:: REQUIRED ACTION ::
Each entry is to be repeated word for word, and the images are to be dropped.

:: AVAILABLE DATA ::
....

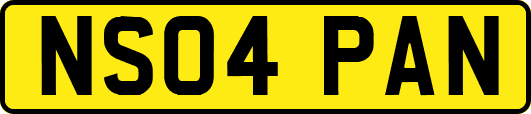 NS04PAN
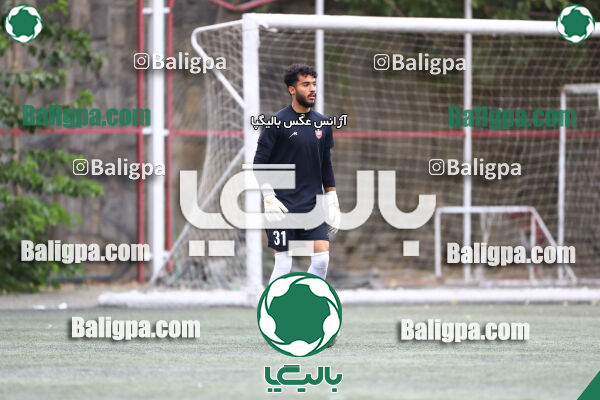 پرسپولیس 1–0 نیروی زمینی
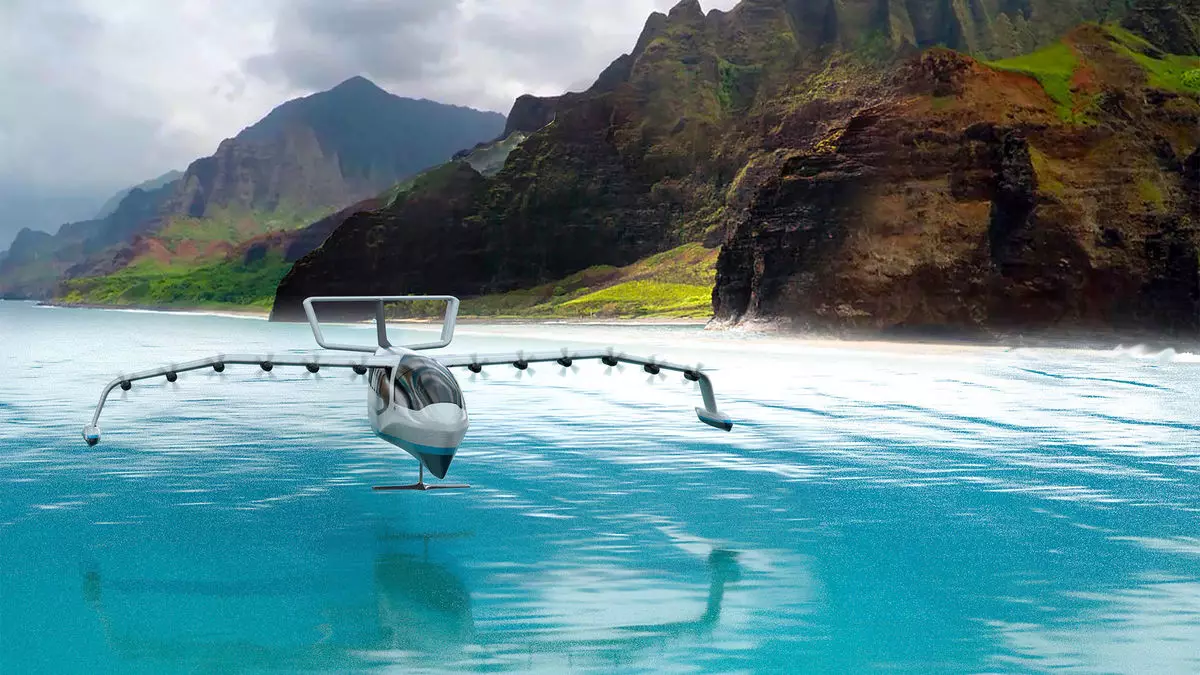 The Future of Transportation: Electric Seagliders Coming to Hawaii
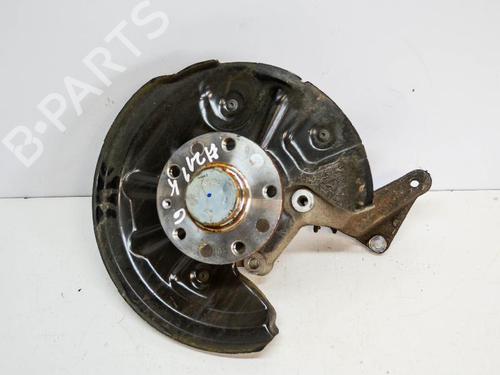 Used Left rear steering knuckle AUDI Q3 (8UB, 8UG) 1.4 TSI (150 hp) 14691622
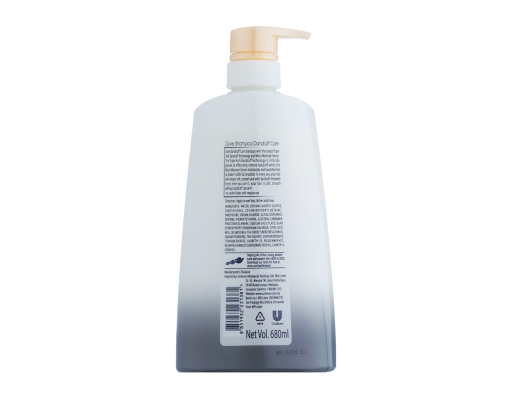 Shampoo Dandruff Care Dove image 2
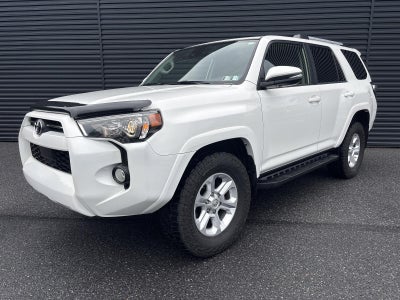 2020 Toyota 4Runner SR5 4WD (GS)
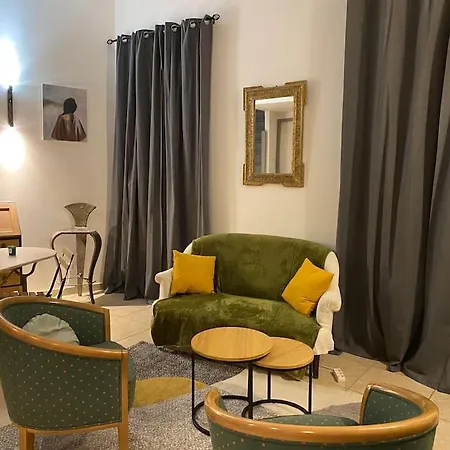 Dupleix Au Fil Du Canal Apartment Narbonne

....

:: WORKED SOLUTION ::
 NS04PAN
 پرسپولیس 1–0 نیروی زمینی
 The Future of Transportation: Electric Seagliders Coming to Hawaii
 Used Left rear steering knuckle AUDI Q3 (8UB, 8UG) 1.4 TSI (150 hp) 14691622
 Shampoo Dandruff Care Dove image 2
 2020 Toyota 4Runner SR5 4WD (GS)
 Dupleix Au Fil Du Canal Apartment Narbonne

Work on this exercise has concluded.